• Work instructions
Excluding pictures, what does the listing below contain from the line with "Glückliche junge Frau" up to and including the line with "<b>Faded CSX lettering", word for word?

• The records

_ _ _ _

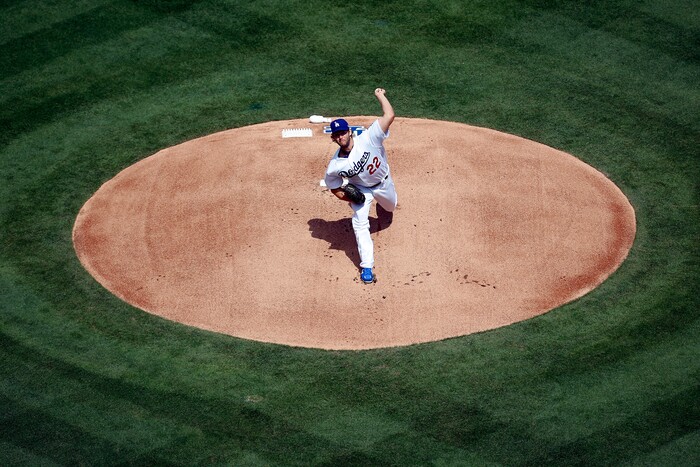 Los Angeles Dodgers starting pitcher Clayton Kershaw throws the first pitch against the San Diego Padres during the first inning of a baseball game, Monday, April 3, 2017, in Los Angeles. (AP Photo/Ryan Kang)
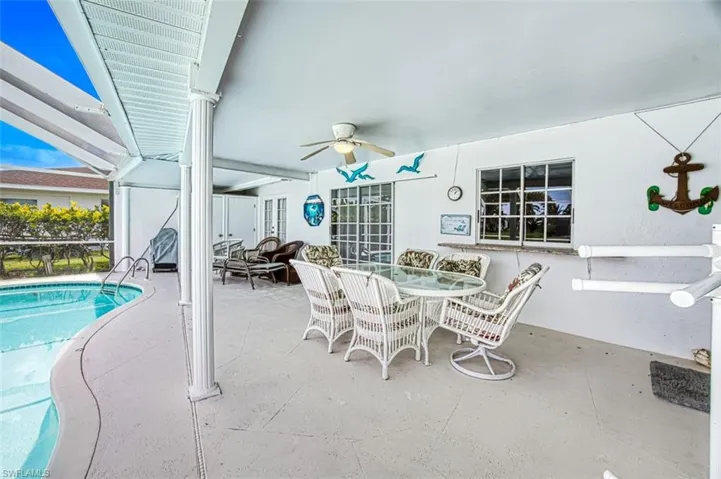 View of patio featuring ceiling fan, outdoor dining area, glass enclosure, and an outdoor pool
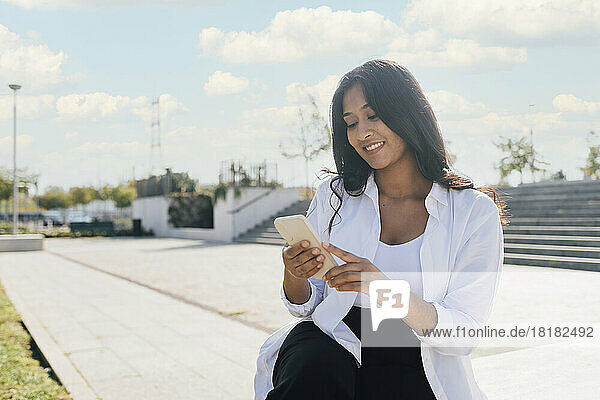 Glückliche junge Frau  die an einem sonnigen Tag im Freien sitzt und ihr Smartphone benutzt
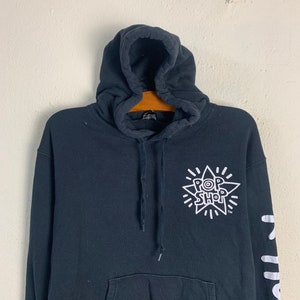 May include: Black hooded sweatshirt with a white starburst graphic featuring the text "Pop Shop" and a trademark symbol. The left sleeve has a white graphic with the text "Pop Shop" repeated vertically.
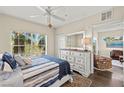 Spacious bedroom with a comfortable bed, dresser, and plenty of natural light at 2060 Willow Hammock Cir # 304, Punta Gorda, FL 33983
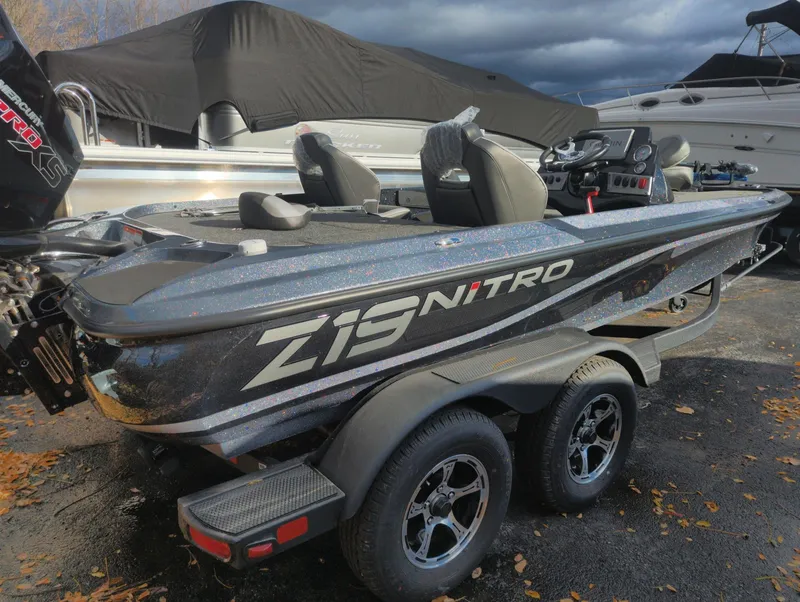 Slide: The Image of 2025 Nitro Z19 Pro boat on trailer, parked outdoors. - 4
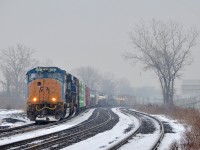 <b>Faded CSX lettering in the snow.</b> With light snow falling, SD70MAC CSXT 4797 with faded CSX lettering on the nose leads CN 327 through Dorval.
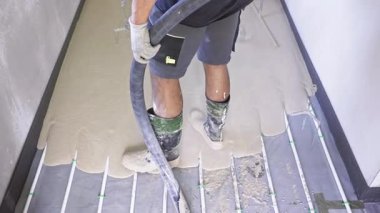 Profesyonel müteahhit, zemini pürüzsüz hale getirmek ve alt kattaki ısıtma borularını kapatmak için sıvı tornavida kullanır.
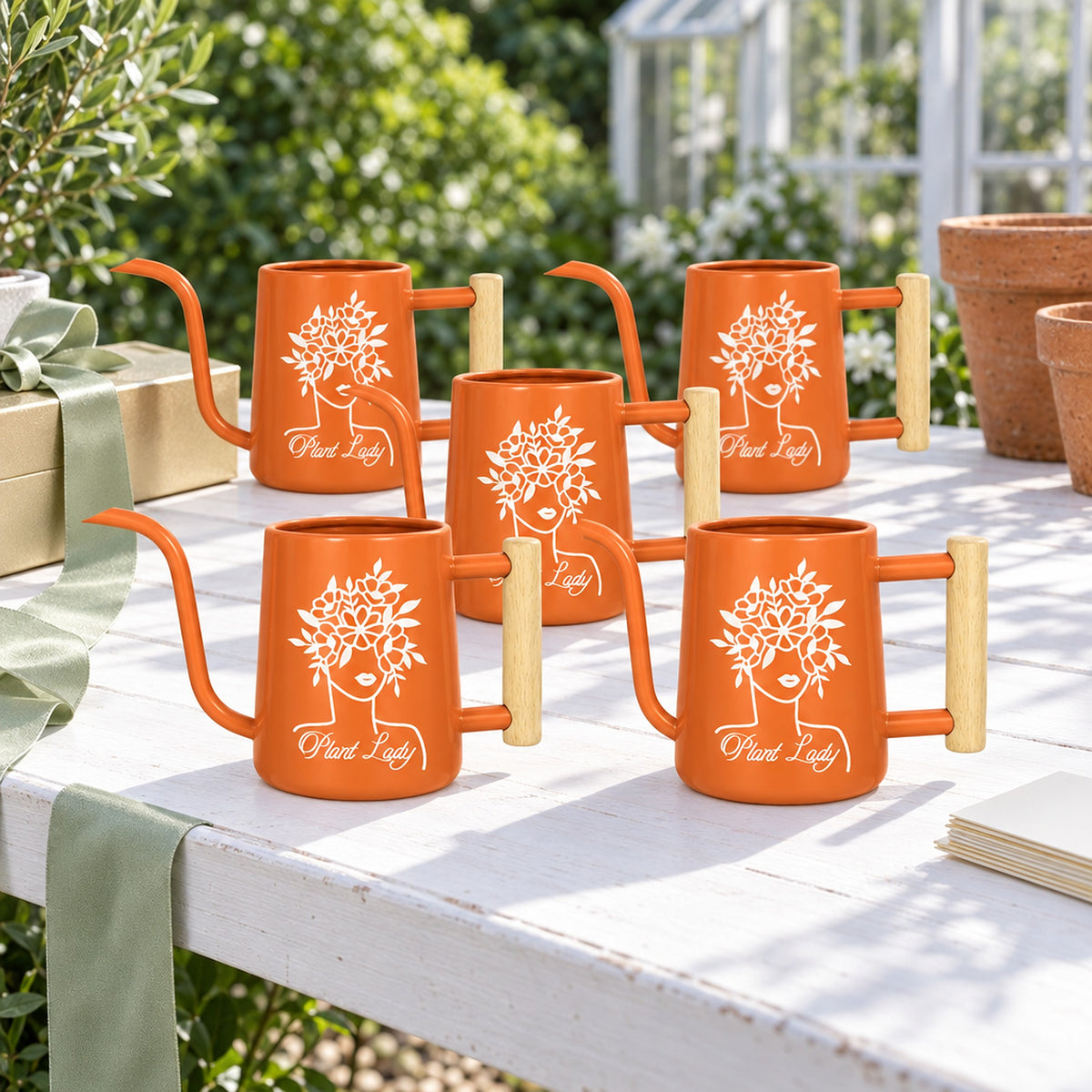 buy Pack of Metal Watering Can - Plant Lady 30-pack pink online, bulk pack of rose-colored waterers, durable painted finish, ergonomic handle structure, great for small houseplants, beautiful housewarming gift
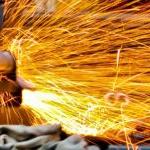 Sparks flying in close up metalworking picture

_ _ _ _

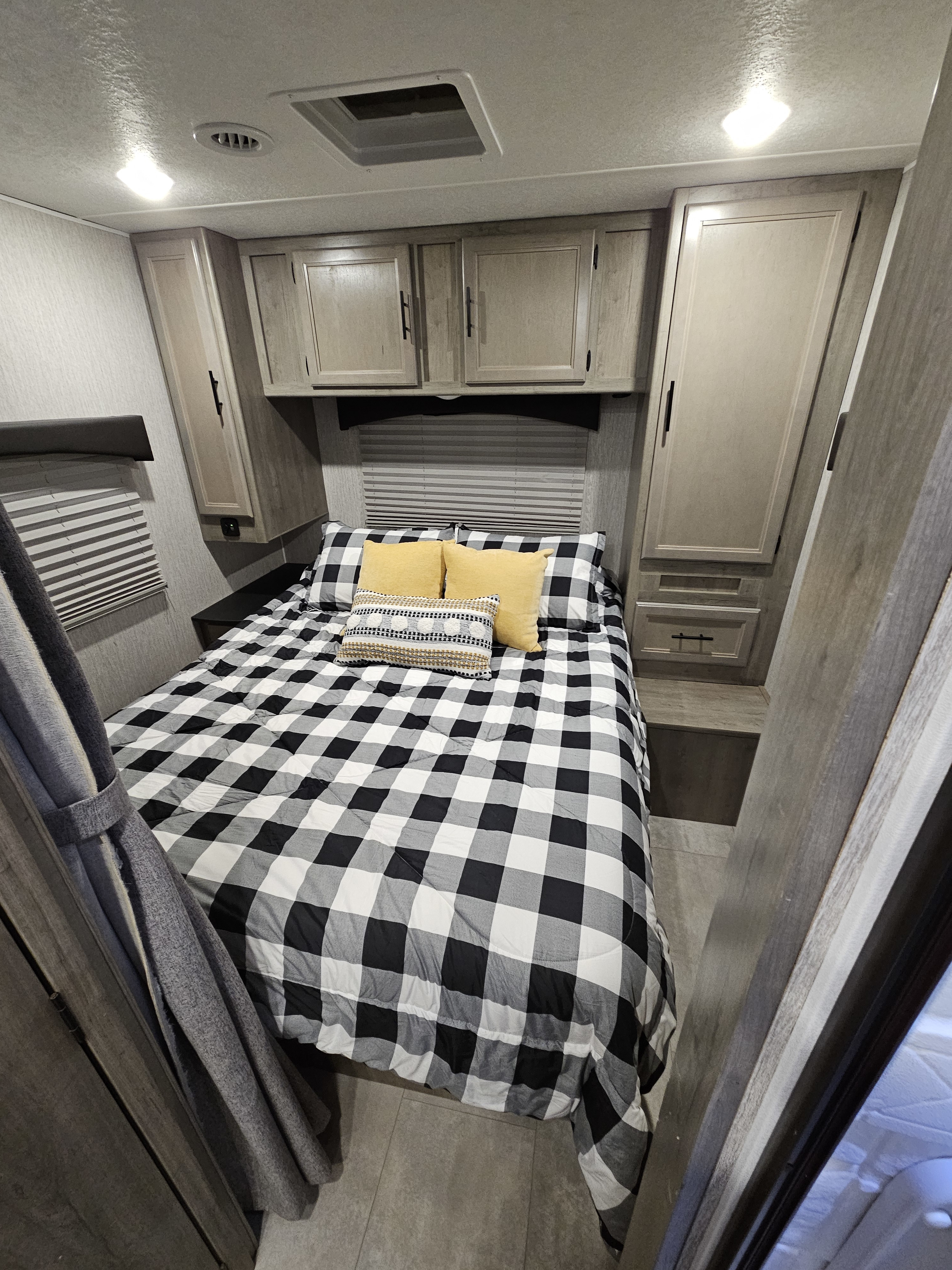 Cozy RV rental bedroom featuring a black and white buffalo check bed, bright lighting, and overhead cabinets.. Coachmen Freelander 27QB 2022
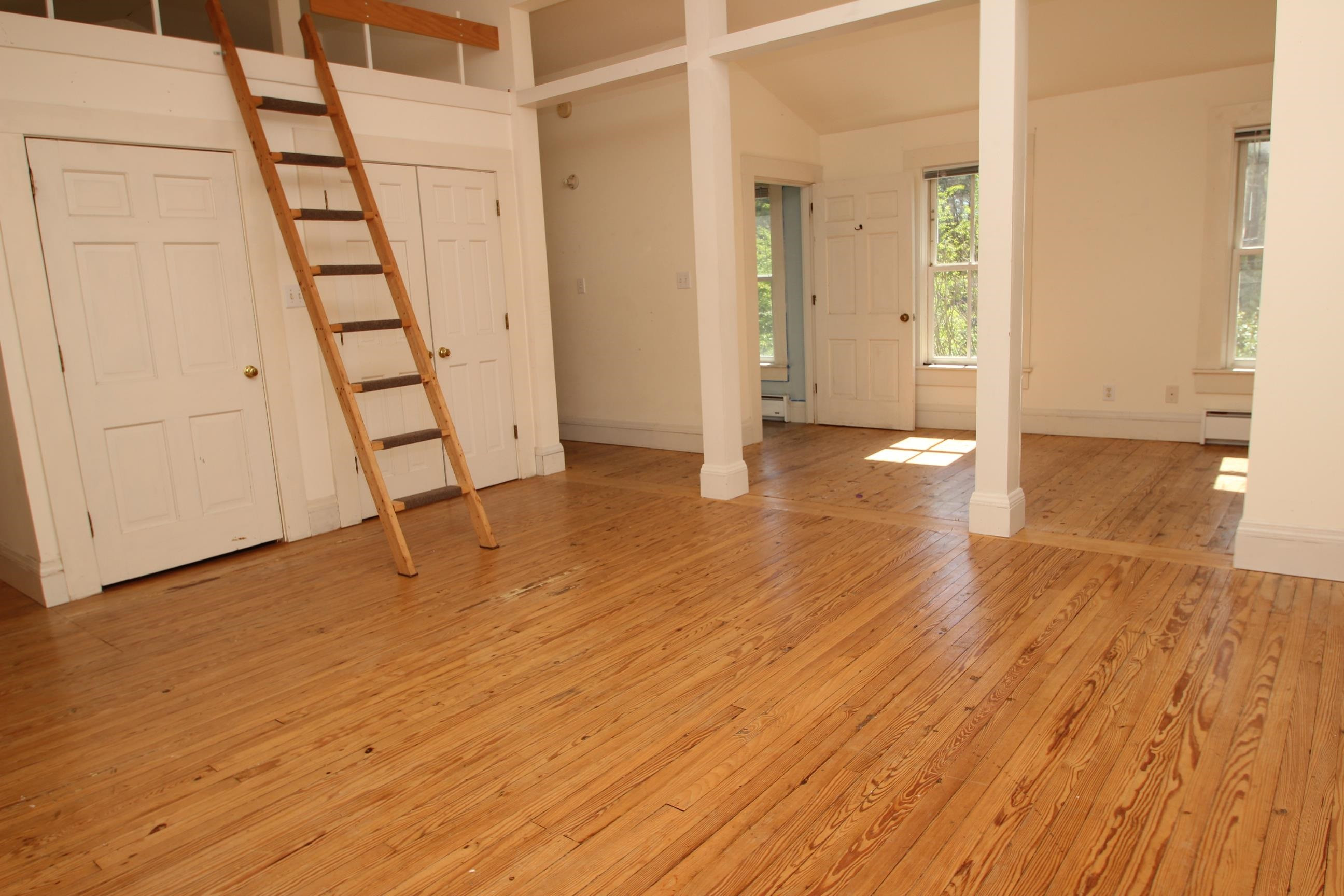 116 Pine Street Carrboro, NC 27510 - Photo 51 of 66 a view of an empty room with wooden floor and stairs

_ _ _ _

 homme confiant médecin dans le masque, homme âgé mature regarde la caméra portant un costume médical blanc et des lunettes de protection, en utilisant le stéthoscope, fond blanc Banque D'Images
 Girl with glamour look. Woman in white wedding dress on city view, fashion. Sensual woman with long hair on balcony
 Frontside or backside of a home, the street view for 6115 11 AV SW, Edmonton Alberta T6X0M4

_ _ _ _

• Task output
 Glückliche junge Frau  die an einem sonnigen Tag im Freien sitzt und ihr Smartphone benutzt
 May include: Black hooded sweatshirt with a white starburst graphic featuring the text "Pop Shop" and a trademark symbol. The left sleeve has a white graphic with the text "Pop Shop" repeated vertically.
 Spacious bedroom with a comfortable bed, dresser, and plenty of natural light at 2060 Willow Hammock Cir # 304, Punta Gorda, FL 33983
 Slide: The Image of 2025 Nitro Z19 Pro boat on trailer, parked outdoors. - 4
 <b>Faded CSX lettering in the snow.</b> With light snow falling, SD70MAC CSXT 4797 with faded CSX lettering on the nose leads CN 327 through Dorval.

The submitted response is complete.